Re: [PATCH 02/16] DRBD: lru_cache

From: Lars Ellenberg
Date: Sat May 02 2009 - 14:14:28 EST


On Sat, May 02, 2009 at 10:58:23AM -0700, Andrew Morton wrote:
> On Sat, 2 May 2009 17:26:20 +0200 Lars Ellenberg <lars.ellenberg@xxxxxxxxxx> wrote:
>
> > in memory structure is
> >
> > struct lru_cache {
> > struct list_head active;
> > struct list_head quiet;
> > struct list_head free;
> > size_t element_size; <-- parameter to "lc_alloc"
> > unsigned int nr_elements; <-- parameter to "lc_alloc"
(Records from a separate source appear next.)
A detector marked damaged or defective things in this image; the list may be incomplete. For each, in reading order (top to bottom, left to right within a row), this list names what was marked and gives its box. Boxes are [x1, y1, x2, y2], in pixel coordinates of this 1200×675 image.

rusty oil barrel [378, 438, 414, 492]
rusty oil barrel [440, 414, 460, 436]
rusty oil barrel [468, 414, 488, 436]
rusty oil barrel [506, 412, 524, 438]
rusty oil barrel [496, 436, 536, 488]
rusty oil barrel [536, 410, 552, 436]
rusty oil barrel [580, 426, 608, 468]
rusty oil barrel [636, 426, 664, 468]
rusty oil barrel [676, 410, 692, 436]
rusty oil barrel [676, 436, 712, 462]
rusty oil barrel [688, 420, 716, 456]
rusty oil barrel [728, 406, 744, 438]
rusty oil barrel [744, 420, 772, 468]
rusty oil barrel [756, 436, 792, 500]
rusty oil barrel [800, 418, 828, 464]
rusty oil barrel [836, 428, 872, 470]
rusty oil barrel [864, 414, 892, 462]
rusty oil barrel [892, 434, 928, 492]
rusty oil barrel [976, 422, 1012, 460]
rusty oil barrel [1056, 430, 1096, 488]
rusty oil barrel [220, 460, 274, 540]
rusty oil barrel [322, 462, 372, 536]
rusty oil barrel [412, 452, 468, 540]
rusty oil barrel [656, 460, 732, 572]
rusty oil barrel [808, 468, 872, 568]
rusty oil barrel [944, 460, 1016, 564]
> > unsigned int new_number;
> >
> > unsigned int used;
> > unsigned long flags;
> > unsigned long hits, misses, starving, dirty, changed;
> >
> > struct lc_element *changing_element; /* just for paranoia */
> >
> > const char *name;
> >
> > struct hlist_head slot[0];
> > /* hash colision chains here, then element storage. */
> > };
> >
> > so we have fixed size list heads,
> > size of a single such "element", to allow the user
> > to add small payload;
> > number of hash slots and "elements" following this header;
> > some counters;
> > hlist_slot[0];
> > }
> > following:
> > struct hlist_head[nr_elements];
> > array of element_size blobs[nr_elements];
> >
> > these "blobs" start with the struct lru_element,
> > possibly followed by some user payload.
> >
> > the "index" you are asking about later is
> > index into that "blob" array,
> > and is used primarily to initialize the state of this thing
> > from an on-disk representation (the "activity log", "AL"),
> > for crash recovery purposes.
> >
> > the typecasting is necessary to get from the slot[0] to the "elements"
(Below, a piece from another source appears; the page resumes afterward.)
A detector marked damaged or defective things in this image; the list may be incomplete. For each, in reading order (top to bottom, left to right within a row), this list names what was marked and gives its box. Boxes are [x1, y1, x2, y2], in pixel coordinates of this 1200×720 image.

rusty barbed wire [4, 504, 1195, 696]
> > skipping the hash slots.
> > using "container of" or something like that would obscure the fact that,
> > as currently implemented, the "lru_element" _must_ be the first member
> > of any payload structure.
>
> I still don't see why the lru_element must be the first member of the
> user's outer, containing structure.


ok, arguably one could also record the offset_of beneath the element_size,
and add that in when doing the lc_element *e = blob[index] + offset.
would not make it much more appealing, though.